• TASK DIRECTIONS
Using the records below, write out again exactly the lines that begin at the line containing "Finesse Homes Starling" and end at the line containing "Sauna professionnel pour", and no other lines.

• THE DATA
==============================
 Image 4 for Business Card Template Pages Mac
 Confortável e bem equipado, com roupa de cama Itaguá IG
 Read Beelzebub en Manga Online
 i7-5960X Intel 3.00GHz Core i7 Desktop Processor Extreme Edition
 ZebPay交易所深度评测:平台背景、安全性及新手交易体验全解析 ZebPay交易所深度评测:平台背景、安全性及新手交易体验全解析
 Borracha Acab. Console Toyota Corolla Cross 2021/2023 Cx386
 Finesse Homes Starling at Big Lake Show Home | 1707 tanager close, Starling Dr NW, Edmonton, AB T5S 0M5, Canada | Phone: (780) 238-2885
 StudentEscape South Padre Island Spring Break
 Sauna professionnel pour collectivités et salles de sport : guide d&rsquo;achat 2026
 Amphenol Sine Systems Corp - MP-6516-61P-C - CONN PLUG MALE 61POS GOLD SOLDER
==============================
• ANSWER BELOW
 Finesse Homes Starling at Big Lake Show Home | 1707 tanager close, Starling Dr NW, Edmonton, AB T5S 0M5, Canada | Phone: (780) 238-2885
 StudentEscape South Padre Island Spring Break
 Sauna professionnel pour collectivités et salles de sport : guide d&rsquo;achat 2026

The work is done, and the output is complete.